Work to complete »
Starting at the line that contains "Party Essentials Disposable" and stopping at the line that contains "Baked Jalapeño Popper", restate each line of the records below exactly. Omit the pictures.

[[ Dataset entries open ]]

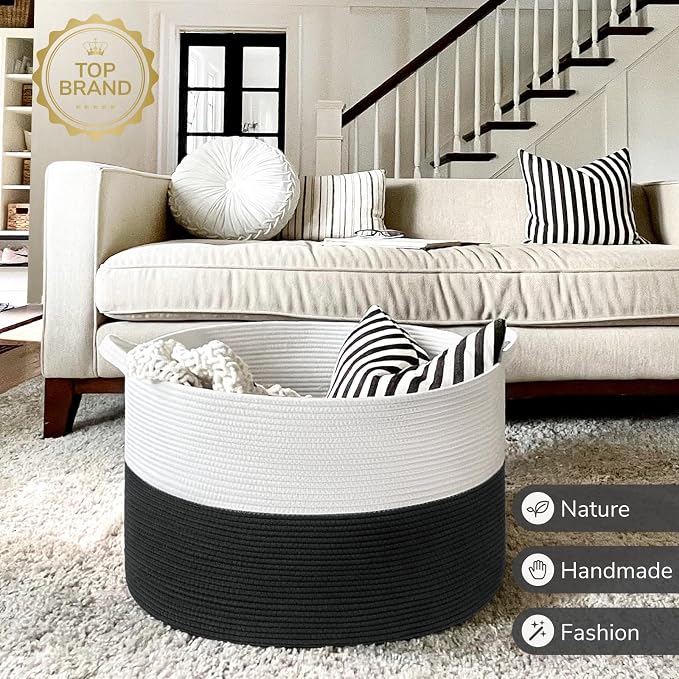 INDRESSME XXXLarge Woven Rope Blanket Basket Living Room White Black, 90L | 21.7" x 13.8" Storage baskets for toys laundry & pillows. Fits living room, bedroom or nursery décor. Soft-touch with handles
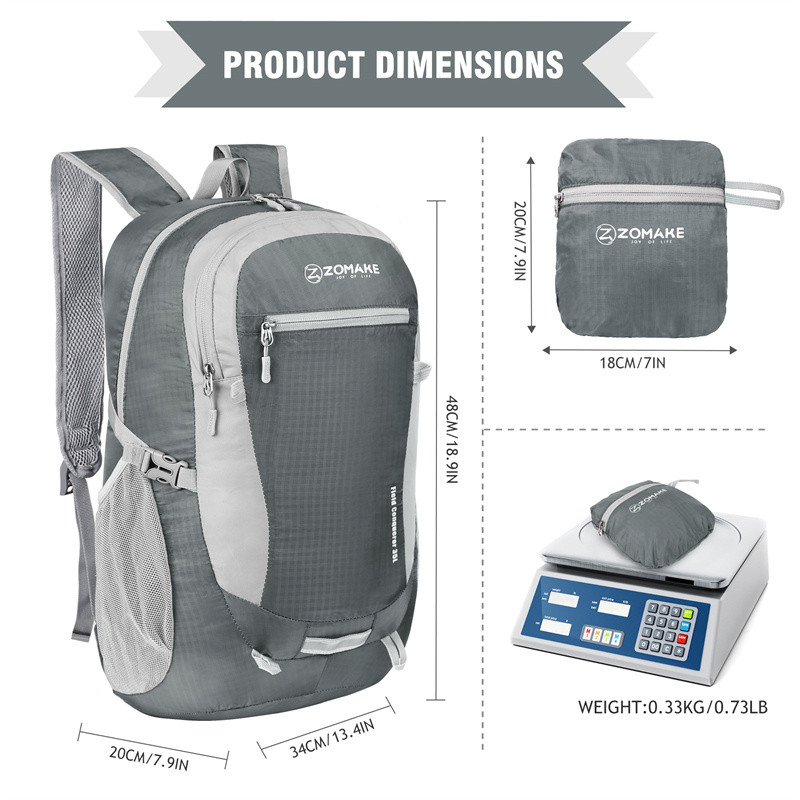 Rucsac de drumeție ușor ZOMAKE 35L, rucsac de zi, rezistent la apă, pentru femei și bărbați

[[ Dataset entries closed ]]
[[ Dataset entries open ]]

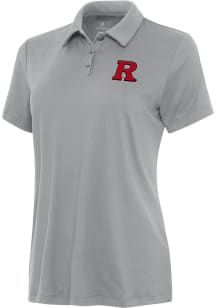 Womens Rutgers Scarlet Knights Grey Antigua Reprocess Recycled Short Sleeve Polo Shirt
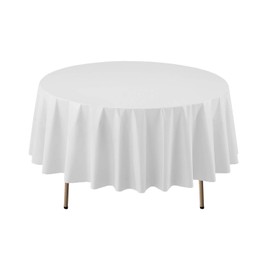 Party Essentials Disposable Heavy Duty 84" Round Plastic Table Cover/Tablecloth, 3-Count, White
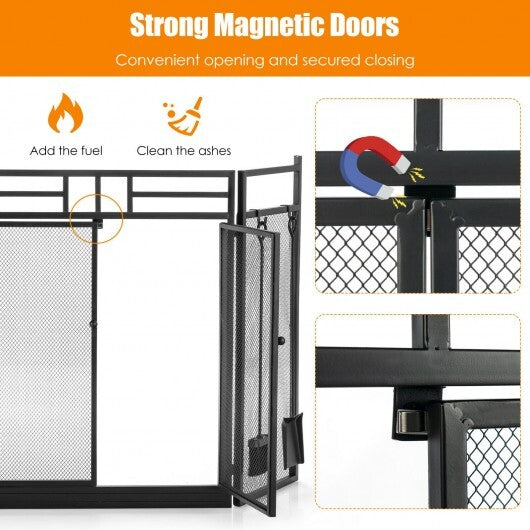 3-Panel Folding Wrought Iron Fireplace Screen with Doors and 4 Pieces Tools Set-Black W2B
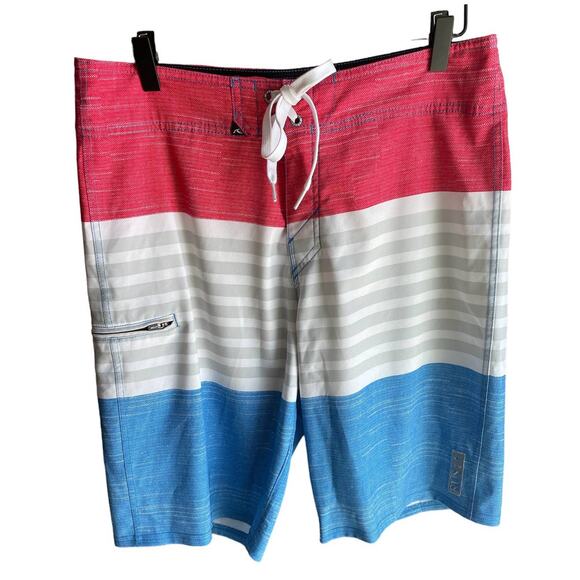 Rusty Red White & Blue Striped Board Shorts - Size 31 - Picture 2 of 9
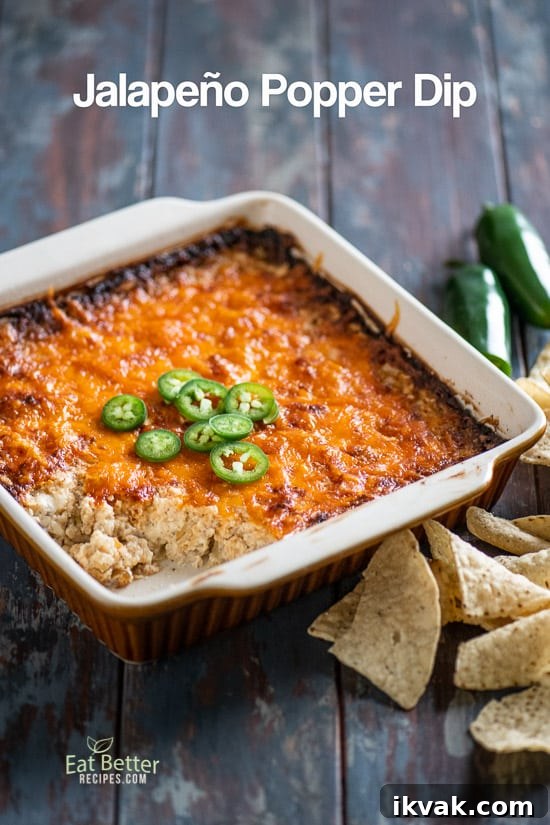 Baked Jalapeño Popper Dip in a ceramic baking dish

[[ Dataset entries closed ]]
[[ Dataset entries open ]]

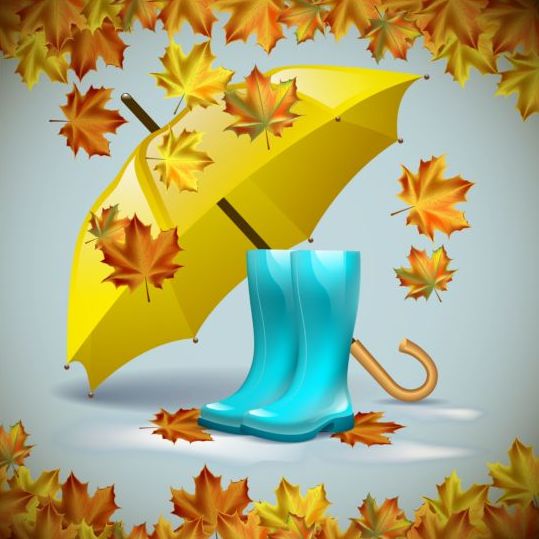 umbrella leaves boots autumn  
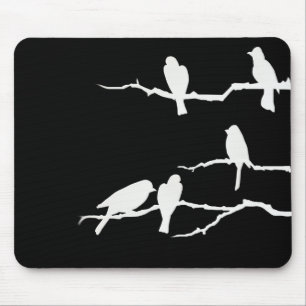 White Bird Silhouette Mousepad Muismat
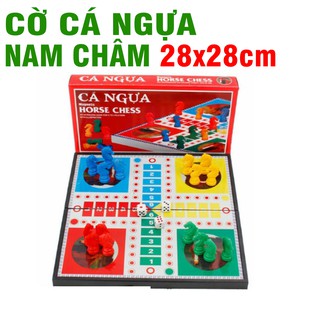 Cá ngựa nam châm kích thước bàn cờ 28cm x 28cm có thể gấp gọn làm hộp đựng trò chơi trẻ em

[[ Dataset entries closed ]]

Task output »
 Party Essentials Disposable Heavy Duty 84" Round Plastic Table Cover/Tablecloth, 3-Count, White
 3-Panel Folding Wrought Iron Fireplace Screen with Doors and 4 Pieces Tools Set-Black W2B
 Rusty Red White & Blue Striped Board Shorts - Size 31 - Picture 2 of 9
 Baked Jalapeño Popper Dip in a ceramic baking dish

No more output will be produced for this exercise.